The share of the top 1% continued to be higher in South Africa in the post-war period. By the end of the 1970s, the shares had fallen to between 5 and 8% in the other countries, but in South Africa the share remained stubbornly at 10% or above. Subsequently, the gap began to narrow, as the top shares increased in the Anglo-Saxon countries after 1981, but South Africa is now tended in the same direction. The top share today is higher than in the UK and Canada, and much higher than in Australia and New Zealand. At some 20–25%, the top share in South Africa (Fig. 2) is essentially the same as in the United States. The initial differences, with South Africa having high top shares, appear to have been a persistent feature. In contrast, studying in detail at the series produced for these countries, it can be concluded that the distribution within the top 1% appears less concentrated in South Africa.

5.2 Apartheid

How much of this long-run difference can be attributed to the impact of racial differences? One major factor influencing the South African distribution of income is the racial composition of the population.

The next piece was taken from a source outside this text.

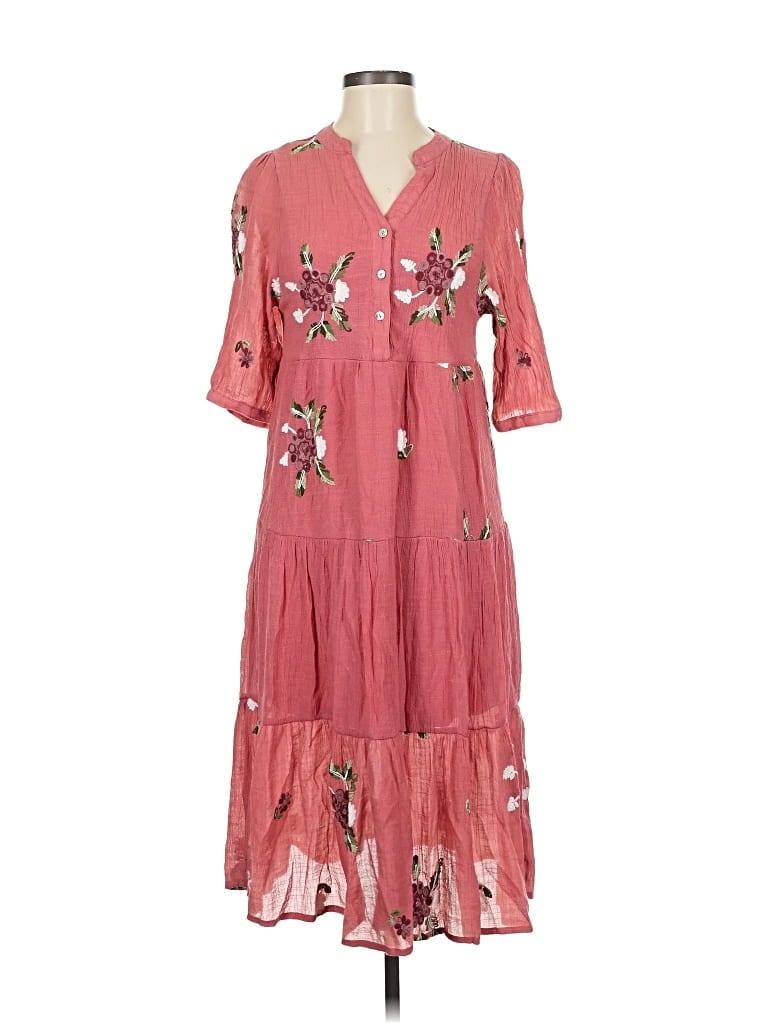 Pre-owned Fig And Flower Casual Dress In Pink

From 1956 to 1987, the South African income tax statistics are published with a classification by race: white, Coloured, Asian and African (the latter not included for all years). For these years, we can see the make-up of the top income groups in Appendix Table 11.

We can consider the distribution for South Africa just among the white population. Appendix Table 12 shows estimates for the period 1956 to 1987, while for the years before 1955 (when the classification by race is not given) we take all taxpayers as being white. The orders of magnitude are clear from the following calculation. In 1956, the overall share of the top 1% was 17%. Since at the time the white population represented 20% of all tax units and constituted the vast majority of the top income recipients, this corresponded to approximately the share of the top 5% of the white population. Such an income share (17% cent for the top 5%, as Appendix Table 12 shows) would have placed them at that time well below the share recorded in 1956 in New Zealand (23.5%). Figure 4 also shows the share of the top 1% in South Africa among the whites. Therefore, tax data reveals a striking fact: income concentration has historically been rather similar (and even lower) within the white population in South Africa and within the total population in Australia, New Zealand or the UK.

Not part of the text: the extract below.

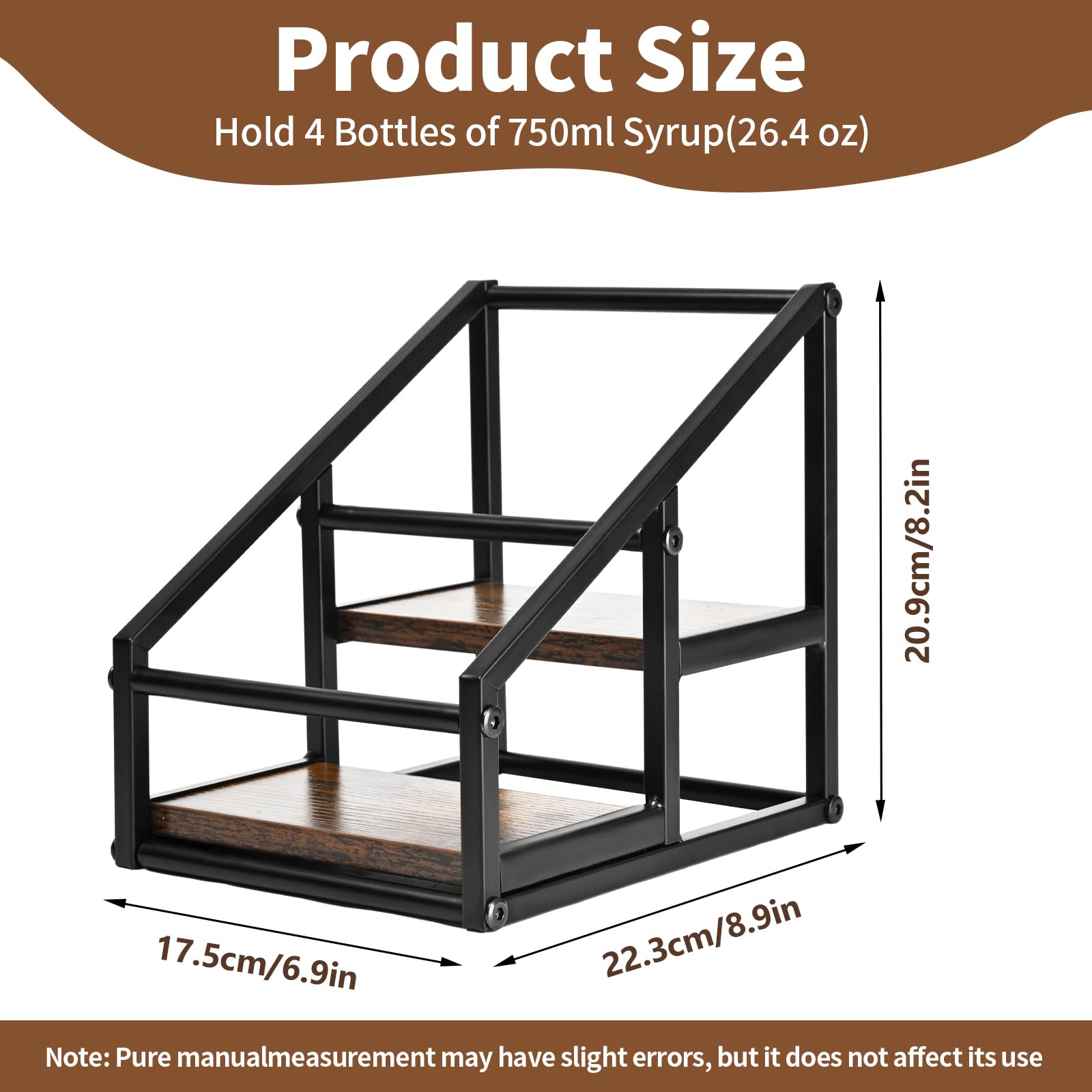YQBRAO coffee bar display with matte black frame and rustic wood base.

In the mid-1950s, the top income groups were overwhelmingly white. In 1956, the top 5% consisted of 325,400 tax units, of whom 320,000 (98%) were white, 3700 were Asian, 1400 were Coloured, and 160 (0.05%) were classified as African (the term used in the official publication is “Bantu”). The composition did shift over the following thirty years: in 1987 the top 5% consisted of 782,000 tax units, of whom 708,000 were white, 24,300 were Asian, 30,300 were coloured and 19,200 were African (2.5%). The proportionate increase for Africans was large, by a factor of 120. This raises the question as to how this was possible during the apartheid era, and at a time when the relative incomes of Africans remained unchanged. The estimates of Leibbrandt et al. show that in 1956 the average per capita income of Africans was 8.6% of that for whites, and in 1987 the figure was virtually the same (8.5%) (2010, Table 1.1); over the same period, the relative per capita incomes of Asians went from 21.9 to 30.2%. The proportionate increase may have been large, but the actual numbers of non-whites was still small. Top incomes at the end of the 1980s remained highly concentrated by race: in 1987, whites were 90.6% of the top 5%, 96.7% of the top 1% and 97.5% of the top 0.1%. The last of these figures means that of the 15,600 tax units in this group, which began at about 100,000 rand per year, only some 400 were non-white. There was only limited change in the degree of dominance of the white population in the upper income groups over this period, as may be seen from Fig. 5.

Fig. 5
figure 5

Top 5% and Top 1% income shares by ethnic origin, South Africa 1956–1987. Source: Tables 5 and 11

What did top African taxpayers do? In 1965 (from the Report of the Secretary for Inland Revenue for the year 1966–67, Table 16), for example, there were 6100 African taxpayers in total (with positive incomes). Three-quarters (75.4%) received their income from employment; 13.2% were engaged in retail trade; and 8.0% had income from investments as their main source (largely interest). Of those African taxpayers in employment, 41% worked for state, provincial or local government, 24% in manufacturing or construction and 21% in services other than government. Therefore, high-pay government employment played a crucial role as income source for Africans at the upper end of the distribution.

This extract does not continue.